TASK BRIEF. Images are to be omitted, and the rest of the records reproduced exactly.
DATA UNDER STUDY START
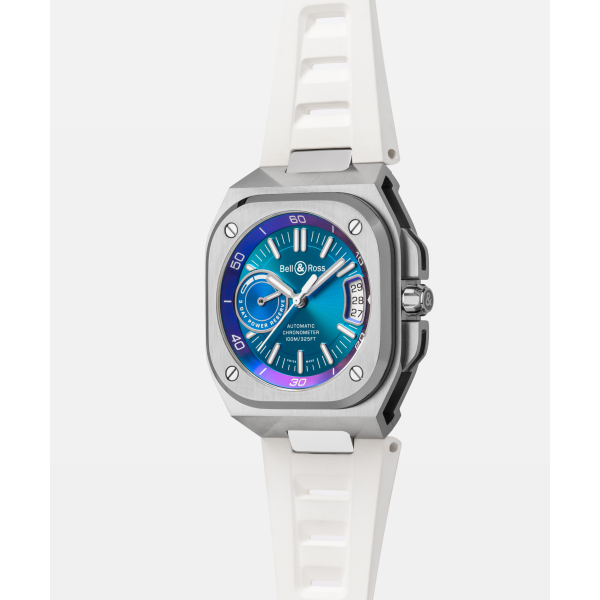 Montre BELL & ROSS Iridescent Bracelet Caoutchouc Blanc
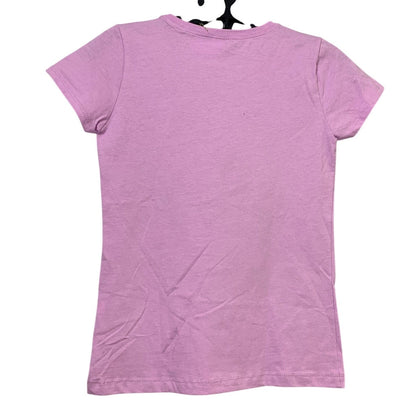 New Upcycled Hand Printed Girls Large 10/12 Purple Dandelion Wish Tee Shirt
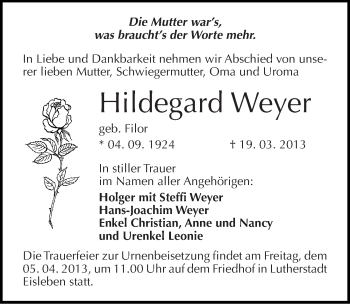 Traueranzeige von Hildegard Weyer von Mitteldeutsche Zeitung Mansfelder Land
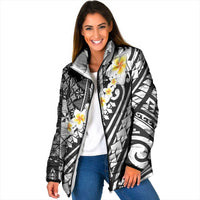 Black Vintage Tonga Ngatu Pattern With Plumeria Padded Jacket LT05 Women Black - Polynesian Pride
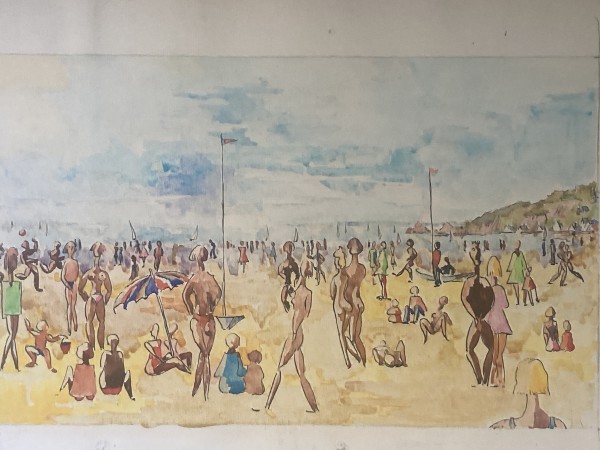 original watercolor of French beach scene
DATA UNDER STUDY END
ANSWER BELOW.
 Montre BELL & ROSS Iridescent Bracelet Caoutchouc Blanc
 New Upcycled Hand Printed Girls Large 10/12 Purple Dandelion Wish Tee Shirt
 Traueranzeige von Hildegard Weyer von Mitteldeutsche Zeitung Mansfelder Land
 Black Vintage Tonga Ngatu Pattern With Plumeria Padded Jacket LT05 Women Black - Polynesian Pride
 original watercolor of French beach scene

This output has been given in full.